** Opening Provided records block **

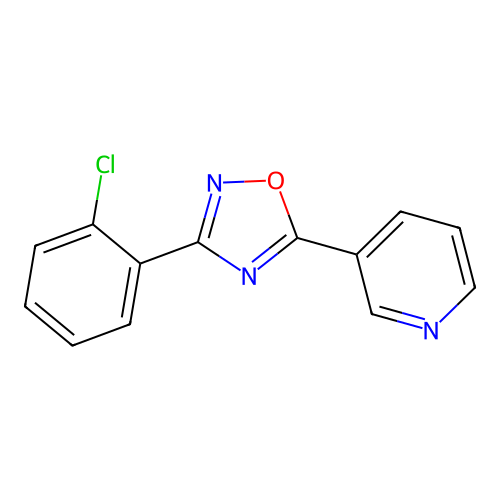 3-(2-Chlorophenyl)-5-pyridin-3-yl-1,2,4-oxadiazole structure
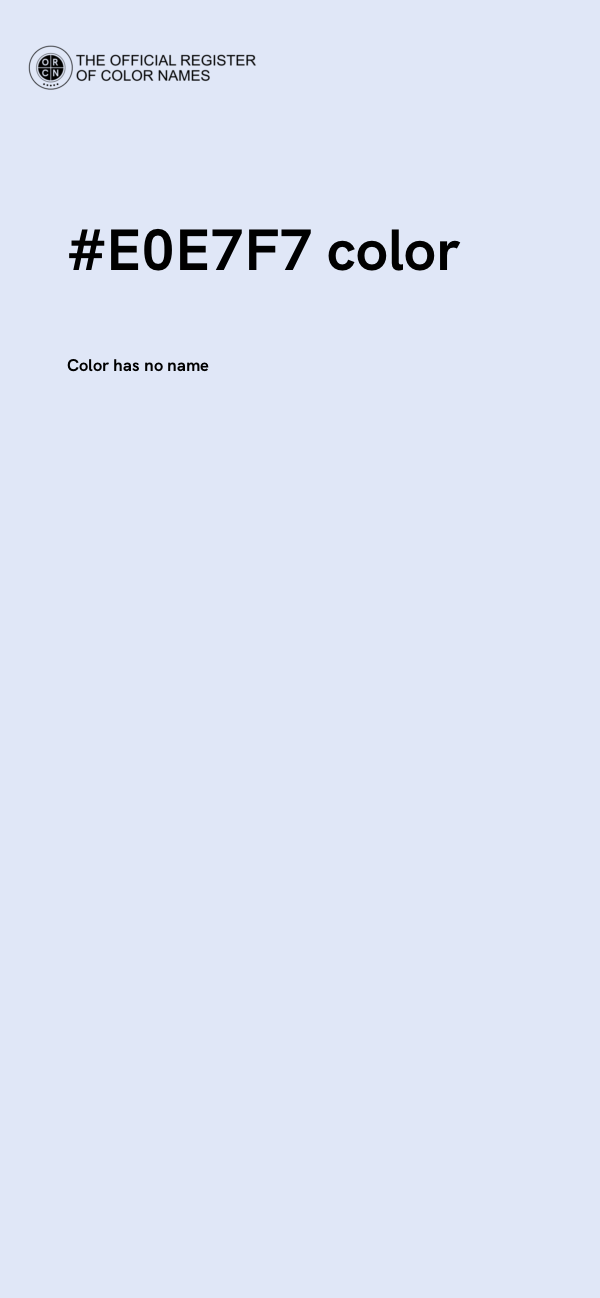 #E0E7F7 color image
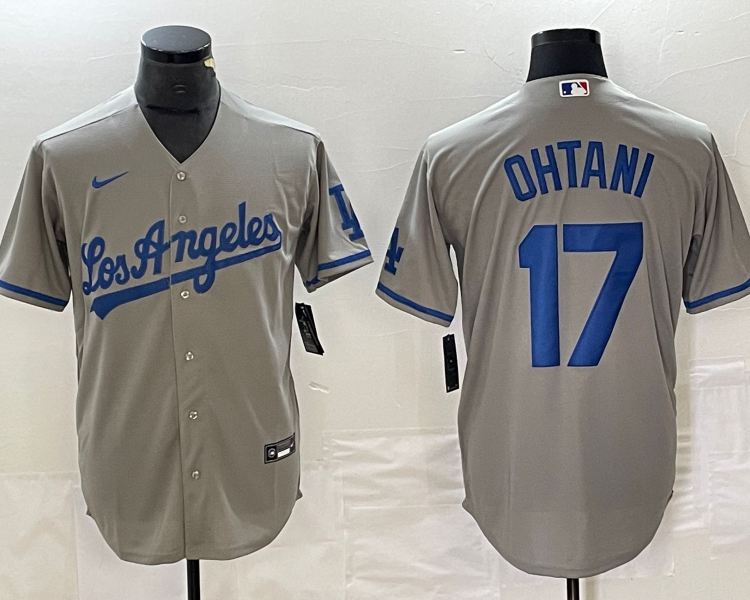 Men's Los Angeles Dodgers Shohei Ohtani #17 Gray Jersey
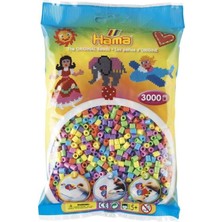 Hama Beads 3.000'lik Hama Midi Boncuk - Pastel Renkler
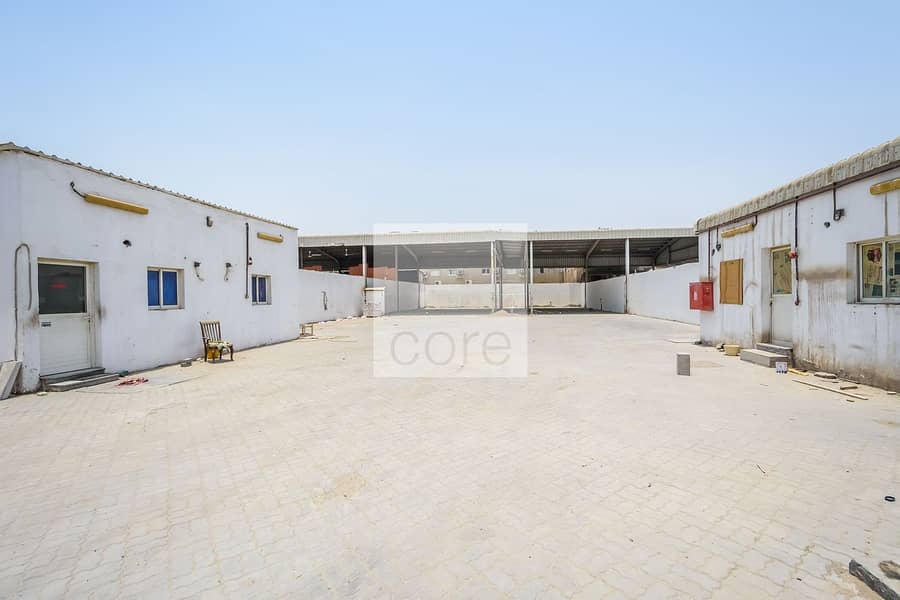 Fitted with partition Warehouse for Rent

** Closing Provided records block **

*The problem:*
Copy out exactly the lines between the line containing "Men's Los Angeles" and the end of the entries, including both, and leave the pictures behind.

*Answer to this exercise:*
 Men's Los Angeles Dodgers Shohei Ohtani #17 Gray Jersey
 Hama Beads 3.000'lik Hama Midi Boncuk - Pastel Renkler
 Fitted with partition Warehouse for Rent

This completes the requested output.